Ich hatte kürzlich ein Date mit einer 9er Frau, die in ihrem Leben noch nie derart wie von mir direkt angesprochen wurde. Innerlich dachte ich mir, dass sie mich auf den Arm nimmt. Es gab in all den Jahren in ihrem Leben keinen Typen, der sich getraut hat sie einfach anzusprechen?! Wow. Verrückte Männer in einer verrückten Männerwelt. Sie können Ferrari fahren. Breitling tragen. Nespresso schlürfen. Moët schnabulieren. Armani tragen. First Class fliegen. Und was weiß ich nicht alles. Aber mehr auch nicht. Mehr auch nicht…

Also, Hauptaufgabe: Keine Frau mehr auf ein Podest stellen! Wir sind nicht im Museum. Die Frauen, die das toll finden, auf einem Podest zu stehen, sollen das alleine und von sich aus tun. Aber vergiss Eines nicht, nämlich dass die sich dafür auch bezahlen lassen, dass sie da oben tanzen und sich begaffen lassen. Und am Ende ist es in beiden Fällen das Gleiche: Schauen und bezahlen erlaubt, anfassen nicht. Nein danke.
Sie ist genauso wie ich ein Mensch. Zwar im Gegensatz zu mir weiblich, nur das ist auch der einzige wesentliche Unterschied. Alles andere weiß man vorher nicht. Deswegen will ich sie ja erst noch kennen lernen.

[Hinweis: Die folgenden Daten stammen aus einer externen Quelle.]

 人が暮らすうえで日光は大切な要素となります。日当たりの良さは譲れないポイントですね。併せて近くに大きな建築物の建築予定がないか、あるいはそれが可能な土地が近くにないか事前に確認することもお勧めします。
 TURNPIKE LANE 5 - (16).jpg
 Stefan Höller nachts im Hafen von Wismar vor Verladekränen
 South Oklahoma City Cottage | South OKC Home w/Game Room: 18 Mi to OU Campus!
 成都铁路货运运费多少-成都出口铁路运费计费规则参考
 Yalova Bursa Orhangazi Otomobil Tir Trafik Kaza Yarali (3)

Unser John von da oben ist in Wahrheit eigentlich ein John Doe. Aber John Doe spricht an. Und das alleine macht ihn zu einem Helden. Erst nur für sich. Einige hundert Approaches später auch zählbar und sichtbar für Andere. Dann wird er zum Rockstar. Gandhi hat einfach Recht.